I have a bunch of huge tulip pops on the place. The stuff holds a lot of water and takes at least a year to give it up.


----------



## iskiatomic (Apr 19, 2009)

Hmmmm, two replies. A bit conflicting as o the season time. One not so long, the other a year. I am still looking for a sixth, seventh, eighth opinion.



                         KC


----------



## North of 60 (Apr 19, 2009)

3rd opinion. It holds alot of water from fresh cut. I takes a good 12 monthes unless you like smoke or have split it in 2by2" pieces. Theres a big difference between ( it will burn ) and properly seasoned. My 2cents.
N of 60


----------



## LLigetfa (Apr 19, 2009)

You certainly don't want to burn Poplar before its time as it will smoke and stink to high heaven.  Give it a year if it was a live tree unless you split it into kin'lin size.


----------



## Todd (Apr 19, 2009)

We don't have Yellow Poplar around here as far as I know, but all the other Poplars or so called Popple I've cut up will dry faster than most hardwoods, but it's still best when you wait at least 1 year just like all firewood.


----------



## Backwoods Savage (Apr 19, 2009)

Todd, you are right in that we don't have them. Methinks there is a huge difference in the two though.


----------



## gpcollen1 (Apr 20, 2009)

This is American Tulip and not a real Poplar right - Liridendron Tulipifera??
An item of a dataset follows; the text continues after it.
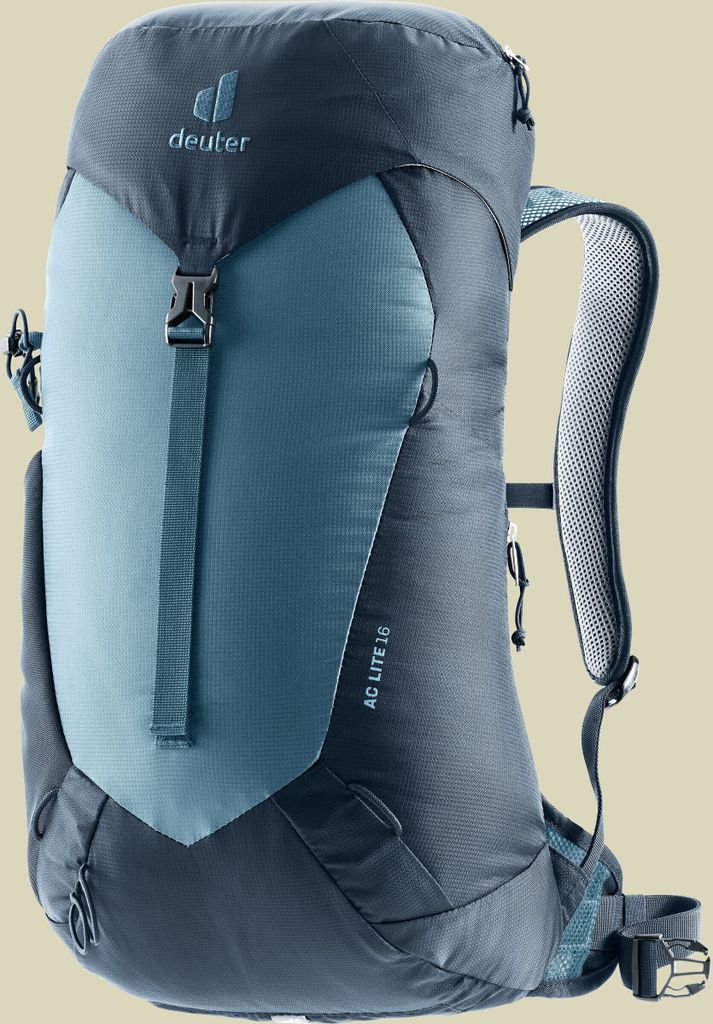 DEUTER AC Lite 16 L Rucksack blau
I found the tulip dried pretty quickly for me.  I got 3 cords a few years back but it was already cut in logs and i am not sure how long it had been like that - though looked sort of fresh.  Splits easy but pops alot in the fire - and burns quickly.  Maybe because it is such a fast growing tree.


----------



## Wood Duck (Apr 20, 2009)

Tulip Tree / Yellow Poplar (Liriodendron tulipifera) isn't closely related to aspens/poplars/cottonwoods. I really don't understand why it is called Yellow Poplar. I have burned some and it makes nice firewood. It isn't a real dense wood, but burns well when dry. Which brings up your question - sorry I don't know how long it takes to dry.


----------



## LLigetfa (Apr 20, 2009)

According to this chart, at 16 BTU per cord it's a little better than Aspen but not by much.
http://thelograck.com/firewood_rating_chart.html


----------



## caber (Apr 21, 2009)

We burn a lot of tulip poplar.  Cut and split - dries completely in 3-4 months.  Catches in a hurry and burns fast.  Good for quick hot fires, not for long burns unless you can feed it every couple of hours.


----------



## gerry100 (Apr 22, 2009)

If it's like the "popple" I come across on my lot occasionally, it's hardly worth the gas and calories to buck it.

Seems like it's got the water content of lettuce and weighs nothing when dry.


----------



## PA. Woodsman (Apr 23, 2009)

So if I counted correctly the score is:

Dries fairly quickly-4
Takes a long time to dry-3

We may be headed to extra innings!  LOL....


I've never had a problem with drying it out. Then again, I have a very good drying set-up. Split it up and check it in October and see how it is.


----------



## LLigetfa (Apr 23, 2009)

"Dry" is such a relative term so it's not surprising that people will be all over the map.  Some people think you can cut, split, and burn just about anything in the same month, others in the same year.

YMMV


----------



## Cluttermagnet (Apr 23, 2009)

I had a large branch of Tulip Poplar come down last summer. Maybe 8 inch diameter. It laid around as rounds for a while- then I decided to split it down to about 3-4 in size splits and see how it did. After about 6 months seasoning time, I tried it. It burns well- catches easy, burns good and hot. Based on my results, I'll continue to use some Tulip Poplar as fuel during shoulder season. I have access to plenty of better hardwoods, however. I'll stick with Oak, Cherry, Maple, Locust, etc. for mid winter burns. I won't go out of my way to get Poplar, but I'll take small amounts if I do come across it.


----------



## CowboyAndy (Apr 23, 2009)

LLigetfa said:
			
		

> According to this chart, at 16 BTU per cord it's a little better than Aspen but not by much.
> http://thelograck.com/firewood_rating_chart.html



Sorry, but their chart sucks. ash better than red oak?? apple rated 10mil btus less than white oak? apple a fair wood? what a joke.


----------